As much Kleber enjoys having Wensel at the games, the competition would rather he steer clear of home games as each appearance comes with advice for the rest of the spectators of how to accomplish the ultimate goal – to get under the opposition’s skin.

“We really take a cue from Everett and what he does,” Gaertner said. “He teaches us some tricks and gets us to become more vocal and step up our game.”

While Wensel likes to think he makes it difficult for the opposition, he’ll be the first to admit he has no idea how much he actually matters.

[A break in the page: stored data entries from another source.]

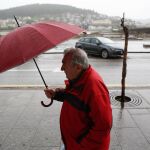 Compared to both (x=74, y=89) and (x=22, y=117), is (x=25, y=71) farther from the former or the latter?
(x=74, y=89)

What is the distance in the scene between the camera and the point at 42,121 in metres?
5.66

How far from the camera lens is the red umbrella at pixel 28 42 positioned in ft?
8.88

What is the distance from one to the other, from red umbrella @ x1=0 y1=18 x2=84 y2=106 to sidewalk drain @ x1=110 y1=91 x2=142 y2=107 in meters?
4.03

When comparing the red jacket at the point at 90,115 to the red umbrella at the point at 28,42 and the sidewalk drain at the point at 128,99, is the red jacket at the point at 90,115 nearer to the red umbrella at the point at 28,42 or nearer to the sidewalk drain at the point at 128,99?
the red umbrella at the point at 28,42

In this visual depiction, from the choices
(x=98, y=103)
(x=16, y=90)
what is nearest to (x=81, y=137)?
(x=98, y=103)

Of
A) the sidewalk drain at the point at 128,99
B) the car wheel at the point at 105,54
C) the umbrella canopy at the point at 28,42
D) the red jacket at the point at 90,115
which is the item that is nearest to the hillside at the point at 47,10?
the car wheel at the point at 105,54

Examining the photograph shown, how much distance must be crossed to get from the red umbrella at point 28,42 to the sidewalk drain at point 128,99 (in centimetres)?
403

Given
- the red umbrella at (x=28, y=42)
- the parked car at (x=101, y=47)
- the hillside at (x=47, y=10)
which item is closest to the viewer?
the red umbrella at (x=28, y=42)

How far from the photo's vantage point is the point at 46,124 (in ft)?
18.0

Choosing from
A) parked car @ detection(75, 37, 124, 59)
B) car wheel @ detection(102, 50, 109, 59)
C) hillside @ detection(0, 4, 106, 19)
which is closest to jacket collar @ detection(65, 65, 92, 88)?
parked car @ detection(75, 37, 124, 59)

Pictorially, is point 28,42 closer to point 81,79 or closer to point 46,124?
Answer: point 81,79

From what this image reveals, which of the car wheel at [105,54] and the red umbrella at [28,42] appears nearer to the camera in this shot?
the red umbrella at [28,42]

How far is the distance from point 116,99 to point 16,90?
10.5 feet

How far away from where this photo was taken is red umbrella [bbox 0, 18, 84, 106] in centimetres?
271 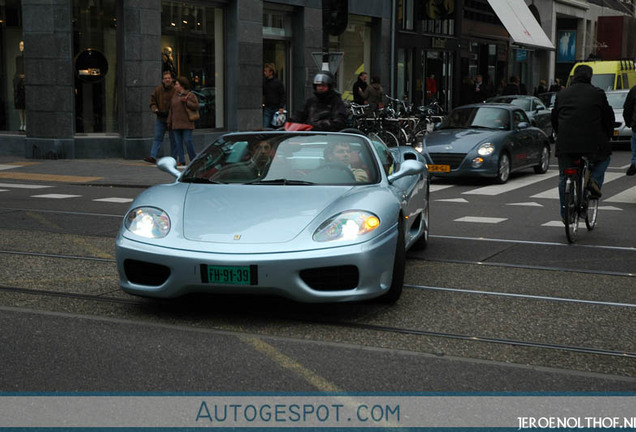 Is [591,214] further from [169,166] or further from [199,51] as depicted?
[199,51]

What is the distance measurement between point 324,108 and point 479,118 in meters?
6.91

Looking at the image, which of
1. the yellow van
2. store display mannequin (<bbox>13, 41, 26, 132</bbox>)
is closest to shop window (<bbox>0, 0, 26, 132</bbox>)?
store display mannequin (<bbox>13, 41, 26, 132</bbox>)

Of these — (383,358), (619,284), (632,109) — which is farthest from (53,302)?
(632,109)

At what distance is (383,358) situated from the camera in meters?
5.20

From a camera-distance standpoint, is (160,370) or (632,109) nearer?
(160,370)

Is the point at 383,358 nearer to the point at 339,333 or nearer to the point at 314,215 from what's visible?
the point at 339,333

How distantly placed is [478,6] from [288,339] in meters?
36.5

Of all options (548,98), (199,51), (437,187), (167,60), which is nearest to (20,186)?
(437,187)

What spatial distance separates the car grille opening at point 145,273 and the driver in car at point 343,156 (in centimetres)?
172

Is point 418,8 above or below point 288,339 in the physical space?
above

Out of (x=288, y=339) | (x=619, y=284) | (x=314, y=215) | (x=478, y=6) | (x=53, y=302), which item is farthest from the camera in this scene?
(x=478, y=6)

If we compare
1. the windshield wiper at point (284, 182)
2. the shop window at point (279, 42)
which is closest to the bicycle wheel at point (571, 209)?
the windshield wiper at point (284, 182)

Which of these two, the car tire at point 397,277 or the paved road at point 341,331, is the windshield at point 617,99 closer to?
the paved road at point 341,331

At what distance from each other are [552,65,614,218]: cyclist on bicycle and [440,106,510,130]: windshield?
7.15 metres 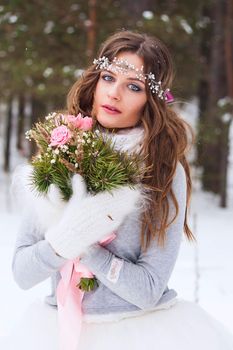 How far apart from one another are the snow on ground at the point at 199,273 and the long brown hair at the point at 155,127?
0.80m

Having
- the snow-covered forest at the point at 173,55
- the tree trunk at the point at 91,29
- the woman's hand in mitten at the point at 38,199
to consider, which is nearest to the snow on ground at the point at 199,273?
the snow-covered forest at the point at 173,55

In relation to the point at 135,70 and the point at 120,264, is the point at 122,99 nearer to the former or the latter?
the point at 135,70

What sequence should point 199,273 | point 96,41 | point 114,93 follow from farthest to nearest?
1. point 96,41
2. point 199,273
3. point 114,93

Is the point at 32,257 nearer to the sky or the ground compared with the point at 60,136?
nearer to the ground

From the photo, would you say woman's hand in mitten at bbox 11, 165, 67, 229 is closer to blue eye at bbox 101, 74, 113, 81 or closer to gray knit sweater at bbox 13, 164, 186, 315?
gray knit sweater at bbox 13, 164, 186, 315

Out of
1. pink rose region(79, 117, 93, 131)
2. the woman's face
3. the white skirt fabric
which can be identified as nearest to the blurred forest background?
the woman's face

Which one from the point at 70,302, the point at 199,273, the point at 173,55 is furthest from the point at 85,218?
the point at 173,55

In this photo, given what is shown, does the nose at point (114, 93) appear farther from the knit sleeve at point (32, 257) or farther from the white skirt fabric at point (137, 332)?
the white skirt fabric at point (137, 332)

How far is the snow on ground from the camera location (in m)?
4.23

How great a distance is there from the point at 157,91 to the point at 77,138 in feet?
1.62

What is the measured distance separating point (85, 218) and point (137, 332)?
1.64ft

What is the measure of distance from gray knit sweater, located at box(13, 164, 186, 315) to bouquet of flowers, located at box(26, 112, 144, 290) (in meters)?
0.21

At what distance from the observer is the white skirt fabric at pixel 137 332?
182cm

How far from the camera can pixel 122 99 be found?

“We try to get into everyone’s head, but there is no way to really measure it,” said Wensel, who was kicked out of a women’s lacrosse game last season for boisterous behavior. “But if you get any acknowledgement from a player, you know you’ve done your job.”

According to Wensel, cheering the Knights on is a team effort and one he shouldn’t take all the credit for.

“We’re 1A, 1B, 1C, when it comes to cheering – it’s not just one person,” he said. “If one of us can’t make it, someone else is there. We even had people cheering at both basketball tournaments over Thanksgiving break.”

At the end of the day, Wensel said he’s Gannon super-fan for the experience, and no other reason.

“It’s just something I enjoy doing,” he said. “If nothing else, I provide a lot of entertainment value.”